Taking into account all the regulatory questions, it is extremely important to pay very close attention to the legal side of token concept development. Startups are recommended to consult with attorneys experienced in all aspects of ICO campaigns. The choice of language in which the project and its token is described to the public in the White Paper and on the company's website should be clear, transparent, should not rely on investment and securities-related terminology, and should not raise any expectations of profit, offering instead access to certain interesting benefits and opportunities.
Keith Teare, co-founder of TechCrunch, and also an advisor to ICOBox said:
“The emergence of full-service ICO advisory platforms will help address the quality issues surrounding ICOs.”

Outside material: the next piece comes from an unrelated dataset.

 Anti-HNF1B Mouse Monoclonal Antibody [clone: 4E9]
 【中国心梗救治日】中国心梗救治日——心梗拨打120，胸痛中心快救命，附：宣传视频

As ICO best practices continue to evolve, in addition to legal resources a host of other services is forming an ecosystem to help startups interested in the process. These resources include advisory firms with their dedicated marketing expertise and technology tools comprised of many important elements to effectively help startups prepare and conduct their token sales. New projects considering an ICO should secure the appropriate mix of resources to advise and support their efforts.
ICOBox is developing an end-to-end ICO process which, relying on its token holders to serve as a jury, will filter the demand from companies seeking to conduct an ICO, zeroing in on only the best qualified candidates. Other ICO advisory firms with similar capabilities are slowly popping up on the market. As a result of these developments, the quality of projects looking to hold an ICO is bound to improve over time.
With all these considerations in mind, and conscious of the need to stay within the reasonable boundaries, many ICOs can be conducted legally, safely, and successfully.